Verve receives FDA clinical hold response letter

Dec. 5, 2022

A month ago, the FDA placed a hold on Verve Therapeutics’ IND application for its single-course, in vivo liver gene editing treatment for patients with heterozygous familial hypercholesterolemia (HeFH), VERVE-101. Now, Verve finally knows why.

In the clinical hold letter sent last week, the agency requested that Verve provide additional information to resolve the clinical hold, specifically more data about the possible risks of accidental germline editing, reported Verve in an SEC filing.  Additionally, the FDA requested more data concerning potency differences between human and non-human cells as well as off-target analyses in non-hepatocyte cell types.

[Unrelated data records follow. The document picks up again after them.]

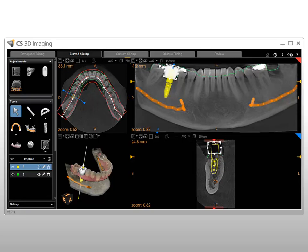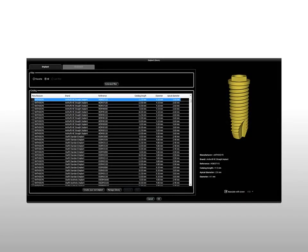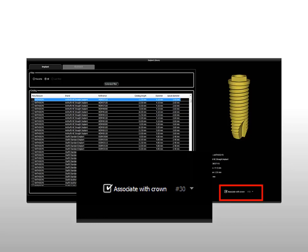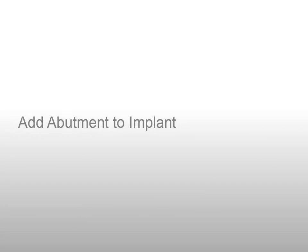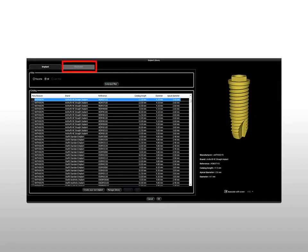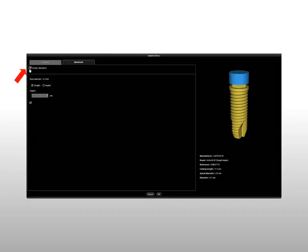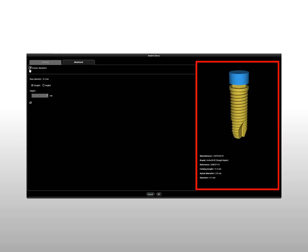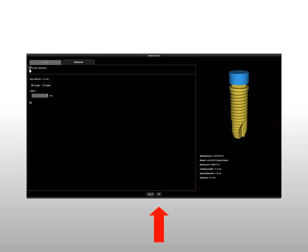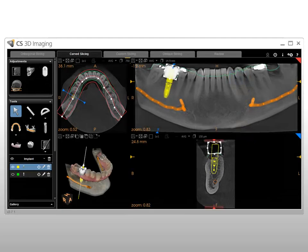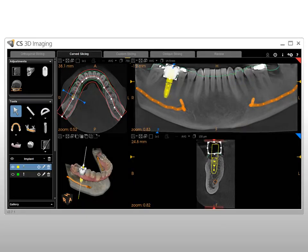Select the implant. To associate an implant with a crown, select a crown number from the Associate with Crown drop-down list, then select the Associate with Crown option. To create an abutment to associate with the implant, on the Implant Library's abutment tab, select Create an Abutment and enter the abutment parameters. The implant and abutment are displayed in 3D and relevant implant reference information is displayed. Click OK. The implant with the abutment are imported into the volume based on the position of the crown, and are visible in all views of the Curve Slicing tab.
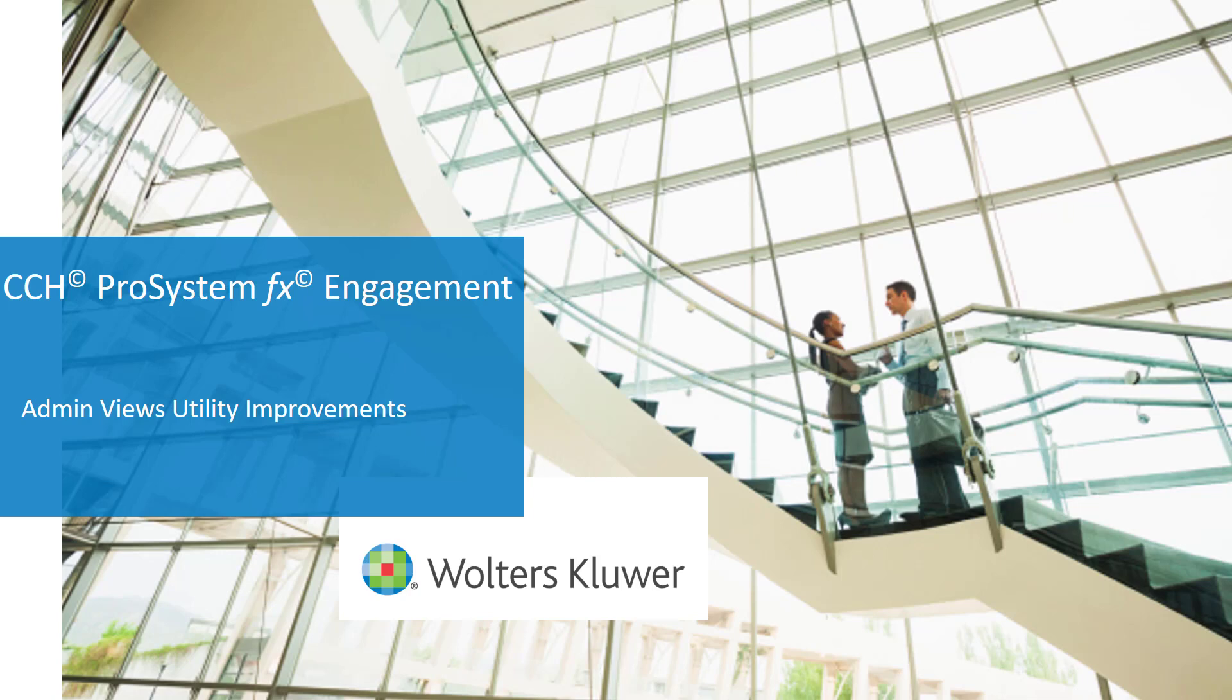Welcome to the CCH ProSystemFX Engagement 2019 video series. In this video, we'll talk about a number of new enhancements to the Admin Views utility.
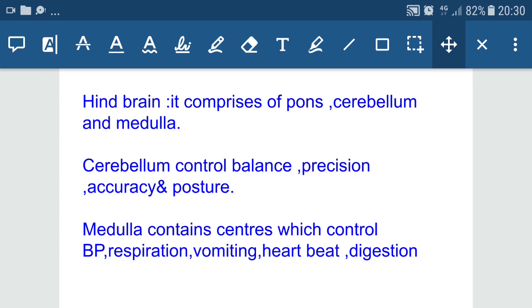The medulla contains centers which control blood pressure, respiration, vomiting, heartbeat, and digestion. These are involuntary and vital activities. If any damage takes place in the medulla, all vital functions will be disturbed and the person may be in a life-threatening situation. Pons helps the medulla in its function to maintain respiratory rhythm, and the respiratory rhythm centers are present in the pons.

HeFH is a relatively common genetic disorder characterized by dangerously elevated levels of low-density lipoprotein cholesterol. It’s an autosomal dominant disorder, and only one parent needs to have an LDLR gene mutation for it to be expressed in offspring. Verve's treatment uses a lipid nanoparticle-mediated delivery to make a single base change at the site of the affected gene. 

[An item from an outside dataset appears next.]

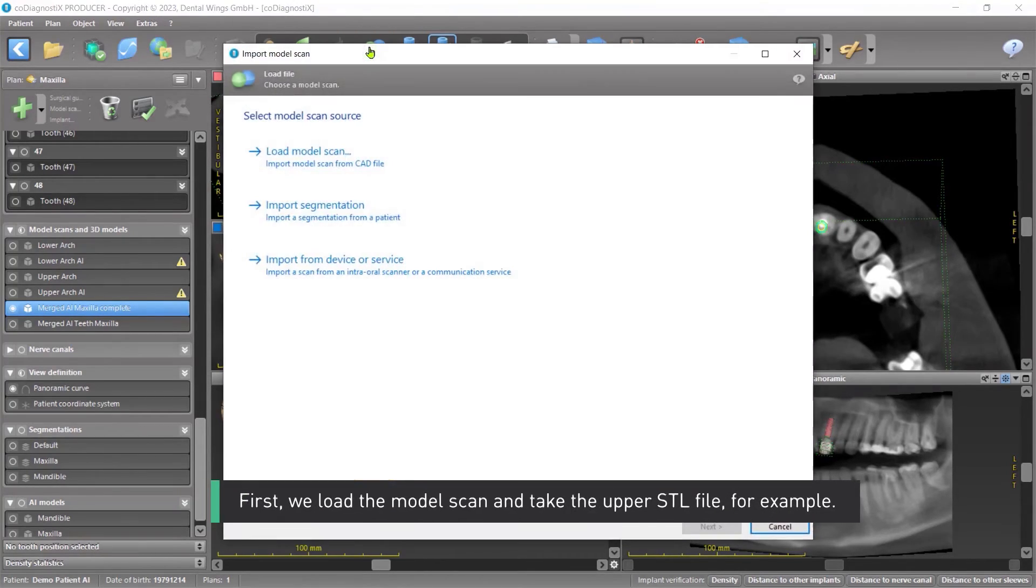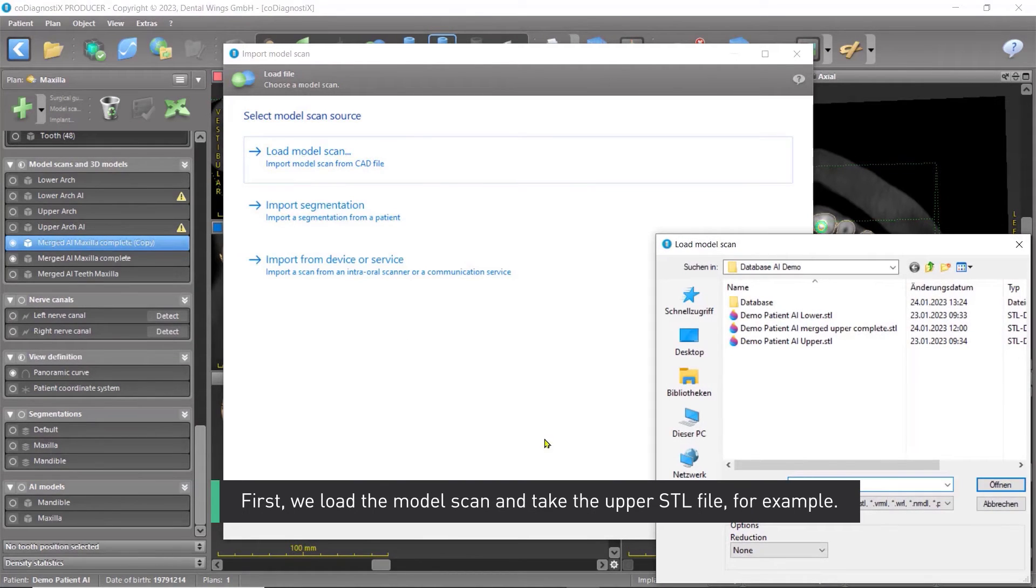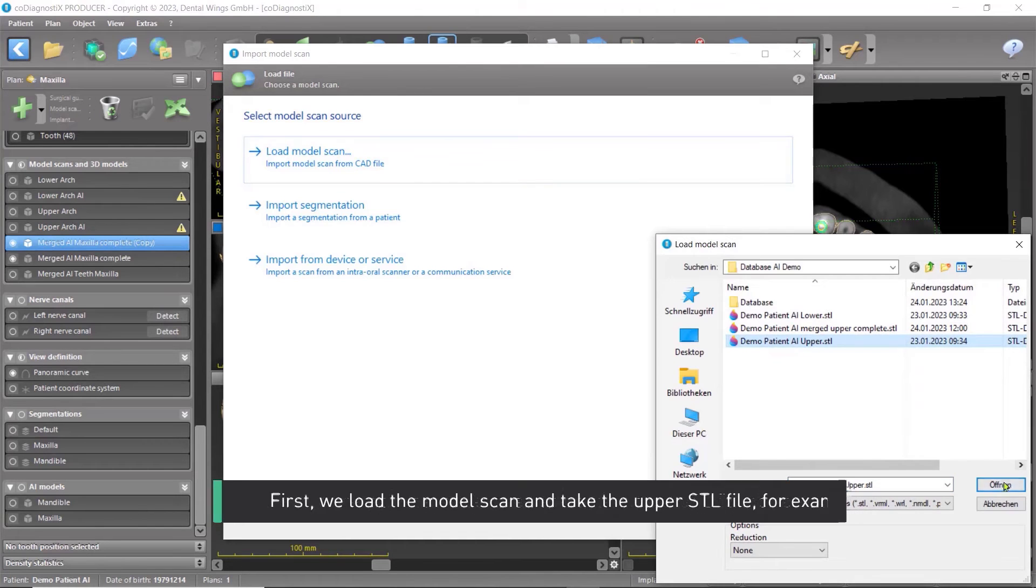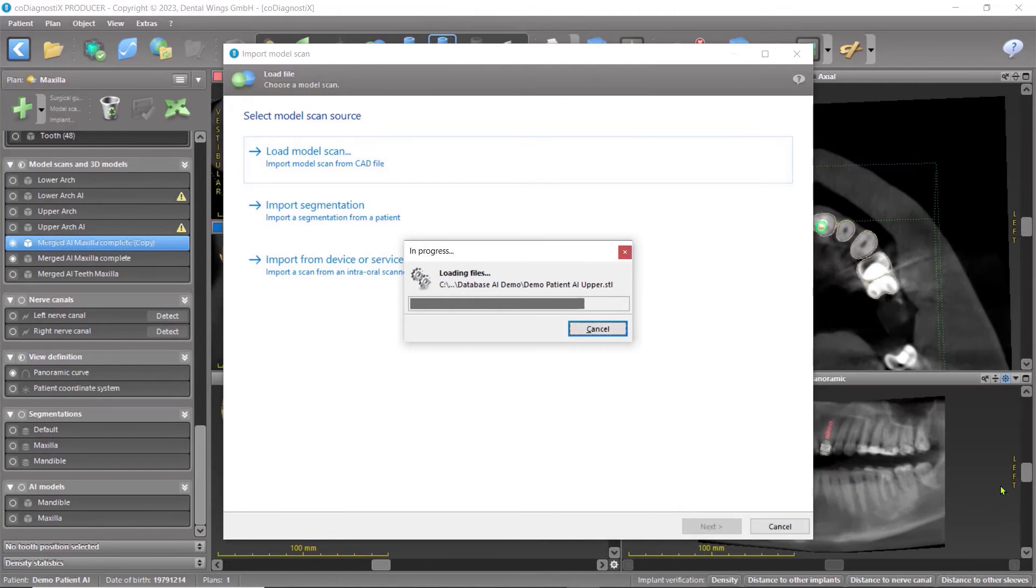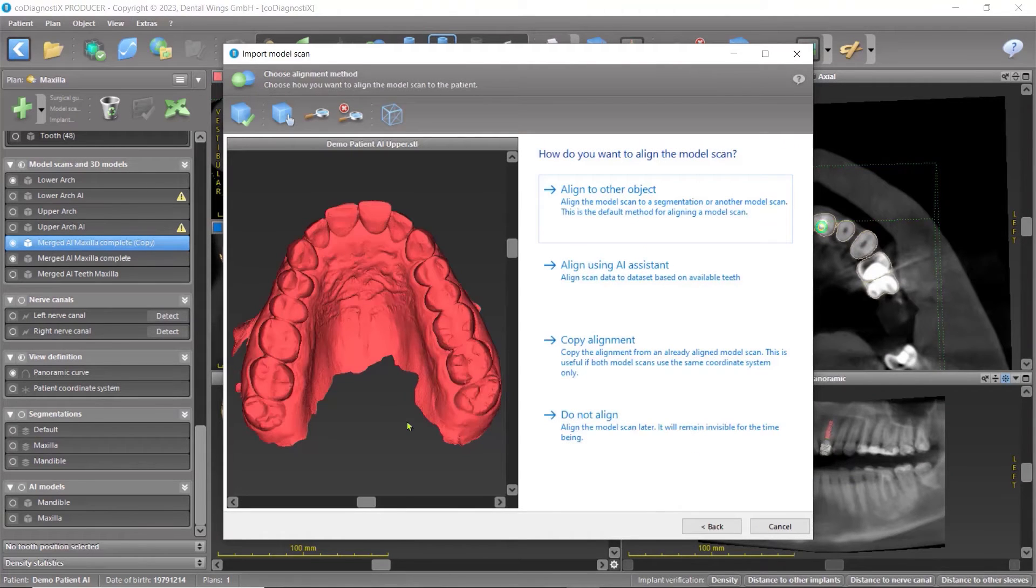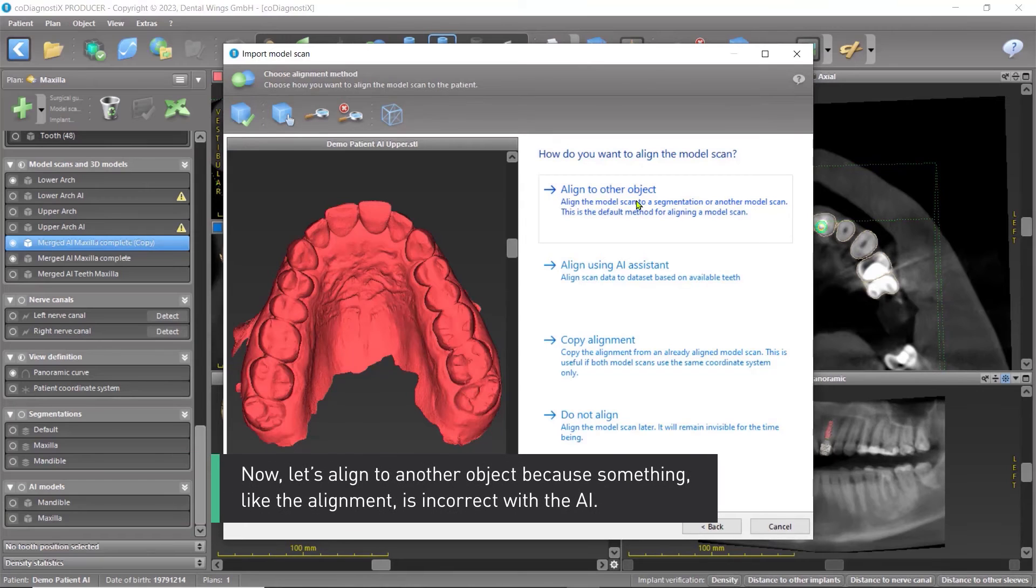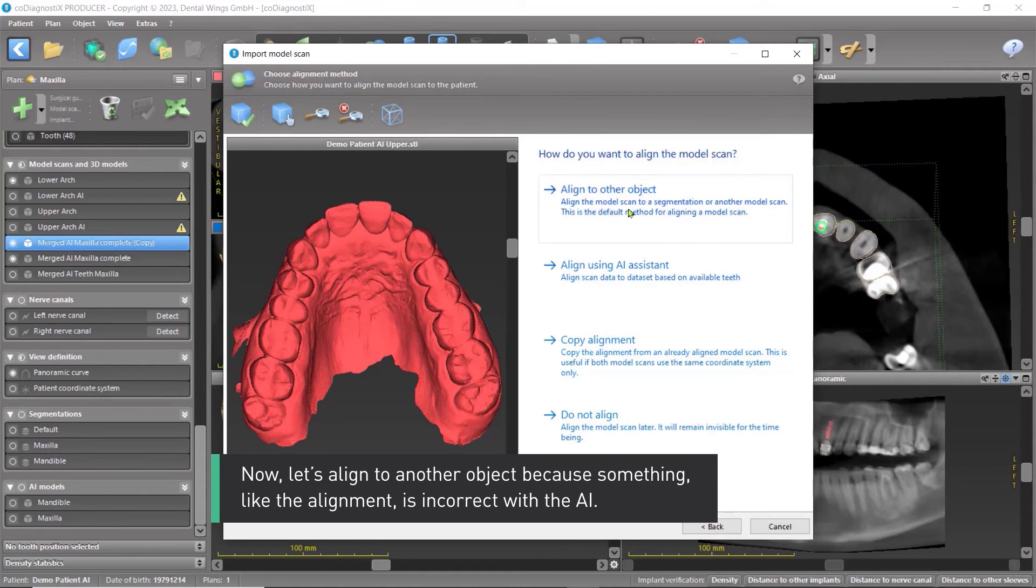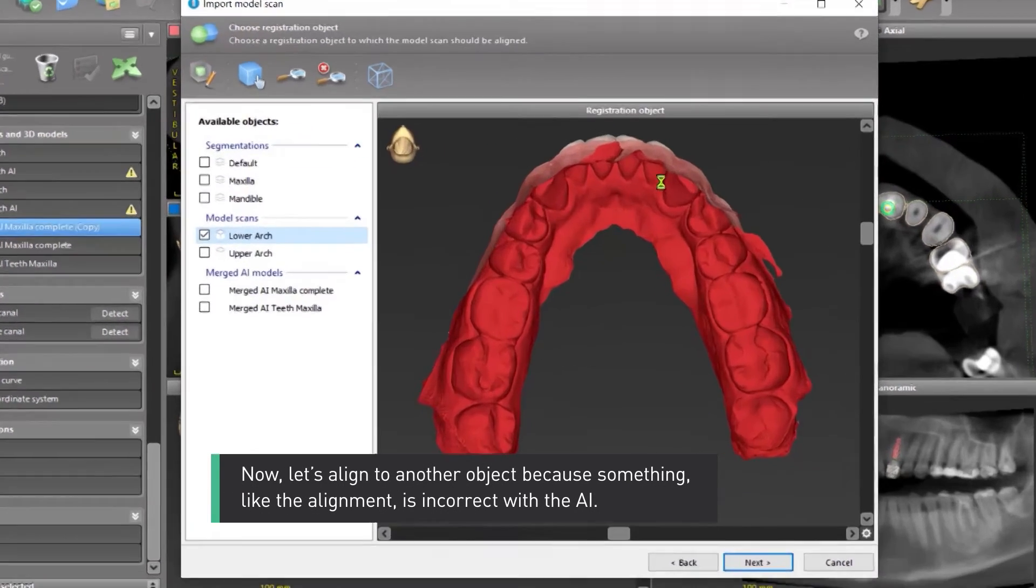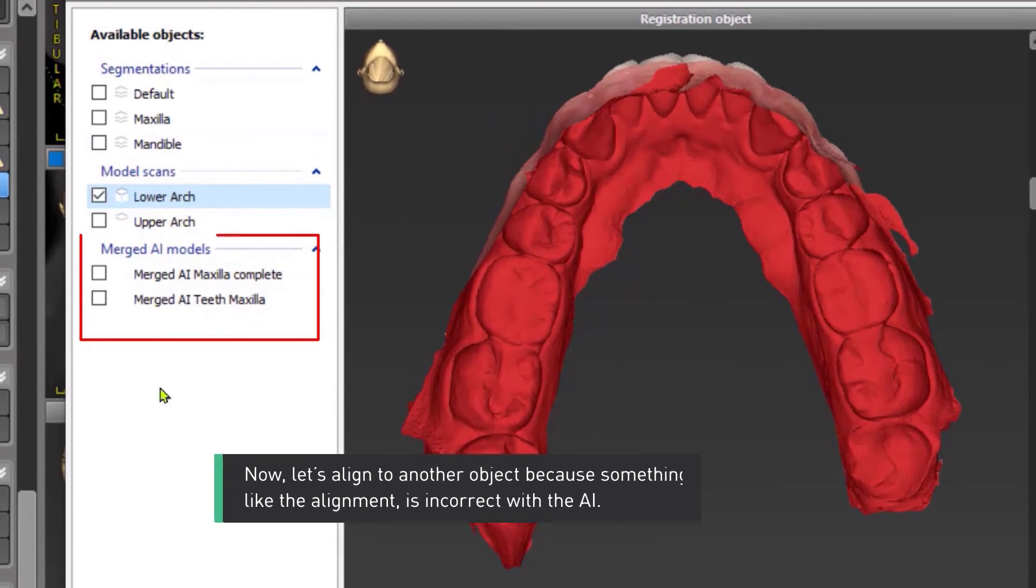First, we load the model scan and take the upper STL file, for example. Now, let's align to another object because something, like the alignment, is incorrect with the AI.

While VERVE-101 seeks to only make changes in somatic cells, scientists have become increasingly aware of the risk of off-target mutations of base-pair editing therapies. Technology exists to implement germline gene editing, but genetics specialists worldwide have expressed their concerns and the need for an international framework in which ethical limitations are agreed upon before changing heritable DNA for clinical use. 

But recent trial data reveals that Verve has been testing for the potential for germline editing in studies of non-human primates and a murine F1 progeny study. The biotech reported last October that sperm samples collected after VERVE-101 dosing showed no evidence of PCSK9 editing and that among 436 offspring of female mice treated with a saturating dose of VERVE-101mu, the PCSK9 edit was transmitted in 0 of 436 animals.

In order to lift the hold, the FDA is also requesting that Verve modifies its trial protocol in the United States to incorporate additional contraceptive measures and to increase the length of the staggering interval between dosing of participants.